Instead of putting together our normal weekend injury report, we thought perhaps a more interesting approach would be looking at a few of the positives that have resulted for the Dodgers from several of the unfortunate injuries that have occurred during the first six weeks of the season.
No fan wants to see a player get hurt, especially in the case of the Dodgers. Last year, trouble started early for Los Angeles when the club began the regular season campaign with a whopping with 10 players on the disabled list. The team would eventually proceed to break a major league record by placing 28 players on the DL over the course of 2016, a mark that was previously held by the Red Sox in 2012. So far in 2017, the body count on the DL has hovered around the double-digit mark since the beginning of April.
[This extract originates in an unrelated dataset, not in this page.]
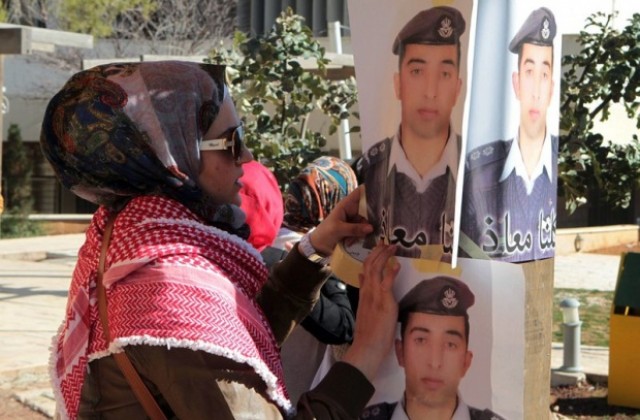 Йордания отвръща на Ислямска държава, ще екзекутира 6-има джихадисти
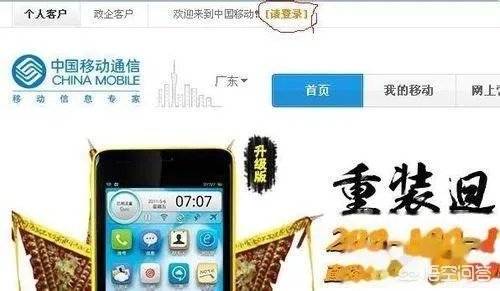 如何查询手机业务?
While the Dodgers are certainly among the deepest clubs in baseball, their surplus of MLB-ready talent can only be spread so far.
With all the health-related setbacks so far this season, though, several players have emerged from the crevices of Triple-A Oklahoma City to contribute mightily to the big league squad. Chris Taylor and Cody Bellinger have become common names in the Dodgers’ daily lineups, and have made cases for long-term inclusion on the team’s 25-man roster. After beginning the year in the bullpen, southpaw Alex Wood has outperformed every other starting pitcher in the rotation. Even outfielder Brett Eibner, who has more frequent flyer miles between Oklahoma City and Los Angeles than any other player on the 40-man roster, is making the most of his latest opportunities.
Wood continues to dominate any opposing lineup that stands in his way. He lowered his ERA to a phenomenal 1.88 after Friday’s start against Miami, extending his scoreless inning streak to 20-1/3 frames in the process. The stretch spans the lefty’s last three starts, as well as the final two frames of a five-inning outing against the Giants on May 2. Wood was especially effective keeping the ball down Friday, inducing 19 total grounders. And to think that Wood could conceivably still be throwing in the bullpen if it wasn’t for a recurring blister on the left hand of veteran Rich Hill.
Taylor was initially recalled to the bigs when infielder Logan Forsythe was put on the shelf with a broken toe on April 19. In Friday’s victory, the 26-year-old Virginia Beach native went 3-for-4, only missing a triple to complete the cycle. He’s also settling nicely into the leadoff spot, having now collected his third multi-hit outing over his last four starts. Taylor has cranked his offensive production up yet another notch in the month of May, slashing .373/.500/.608 over 64 plate appearances with three homers and 11 RBI.
Over the course of 2017 Cactus League play, Taylor found himself in heavy competition with utility man Enrique Hernandez for the final spot on the big league 25-man roster, yet came up just short, theoretically because of his inability to effectively man center field. Moving forward, if he produces anywhere near his performance level during the past month, Taylor will undoubtedly maintain his roster spot long into the future.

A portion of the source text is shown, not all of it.